Timestamps: 00:00–03:25
Hardware & Energy Constraints:
The US currently leads in advanced AI development, primarily due to hardware restrictions imposed on China. However, China is excelling in large-scale energy generation, which is critical for the next wave of AI growth.
“China put in 172 gigawatts of solar last year... The country needs more energy and if we don't get more energy, we're not going to be able to fully exploit the lead we have in AI and AGI.”
— Eric Schmidt [00:10]
Divergent AI Strategies:
“America is going to seek for AGI. I was quite worried that we would end up in a super intelligence race... It looks like that fear... was not well grounded.”
— Dave Blundin [02:11], Eric Schmidt [03:09]
Timestamps: 03:25–04:54
China’s advantage lies in inexpensive, scalable hardware production, foreshadowing a world “awash in inexpensive Chinese robots” analogous to their dominance in electric vehicles and solar.
"Our software is so much better than the Chinese software. But at the hardware level, I think you should assume that the world will be awash in inexpensive Chinese robots in the same sense that there'll be a wash in inexpensive Chinese electric vehicles.”
— Eric Schmidt [03:29]
Example: Chinese company Unitree’s humanoid robot R1 becoming commercially available for only $6,000.
Timestamps: 04:54–08:07
As AI scales beyond current chip constraints, the bottleneck will shift to electricity, with the US facing serious shortfalls.
“We looked at the amount of electricity required... by 2030, 92 gigawatts to be built... a big nuclear power plant is... one and a half gigawatts... So, effectively zero nuclear plants being built in America… The country needs more energy, and if we don't get more energy, we're not going to be able to fully exploit the lead we have in AI and AGI. It's very clear.”
— Eric Schmidt [05:24]
The US may need to rely on energy deals with other nations to power critical AI training.
Timestamps: 08:07–12:55
Drawing on Kissinger’s negotiation of nuclear treaties, Schmidt argues for proactive international agreements before a major AI disaster strikes.

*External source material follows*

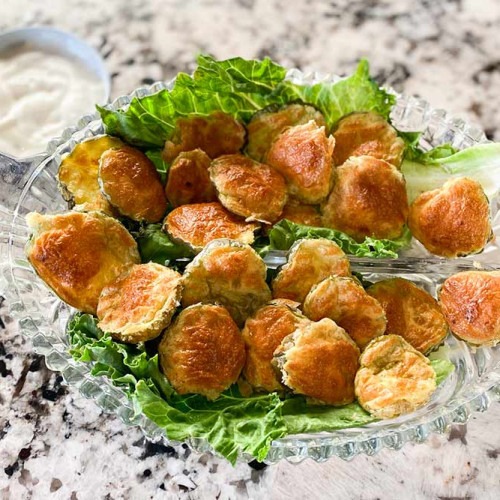 Zesty Air Fried Pickles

“Is there an analogous set of things that we can do? … Governments tend to act reactively... The first is misinformation... The second one is cyber... The third one is bio... Most people believe that one of those three will create some kind of mini crisis that will then cause the governments to say... let’s have a conversation about how to really deal with the downsides.”
— Eric Schmidt [09:14]
Schmidt is particularly concerned about bio-threats, where small groups could create undetectable, dangerous pathogens using AI.
Discussion on US policy pivots:
Timestamps: 12:55–17:29
Enhanced training efficiency (eg., moving to 4-bit floating point) massively reduces cost, blurring the lines of control and increasing proliferation risk.

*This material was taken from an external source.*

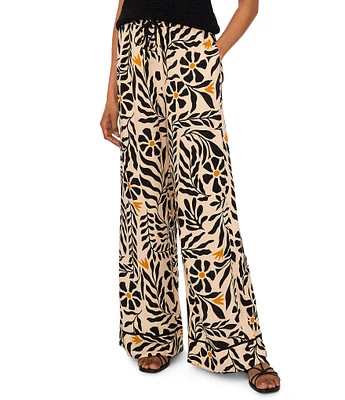 1. STATE Printed Drawstring Wide Leg Pants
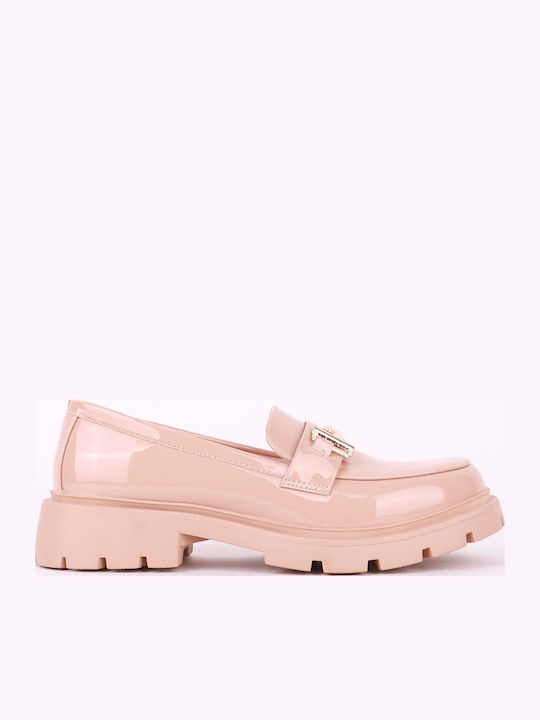 Damen Mokassins in Beige Farbe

“The proliferation issue, I'm not worried about big companies in big countries... I'm much more worried about the open source groups which can operate in the shadows... they can patch together the open source which is generally available and it's good enough.”
— Eric Schmidt [12:55]
Unintended outcome: The US keeps models closed-source (for safety), while China’s open-source models may become global defaults due to accessibility, not superiority.
“This produces a bizarre outcome where the biggest models in the US are closed source and the biggest models in China are open source... the vast majority of governments... will end up standardizing on Chinese models not because they’re better, but because they're free.”
— Eric Schmidt [16:21]
Timestamps: 17:29–22:51
Zero Barrier to Entry:
Starting a tech company is easier than ever; the challenge is global, rapid competition.
“The barrier to entry to starting a company is effectively zero now... as a result, you’re now competing against everyone all the time.”
— Eric Schmidt [18:30]
Learning over Planning:
The fastest-growing, highest-potential firms take a “learn everything” approach over a “specify everything” one.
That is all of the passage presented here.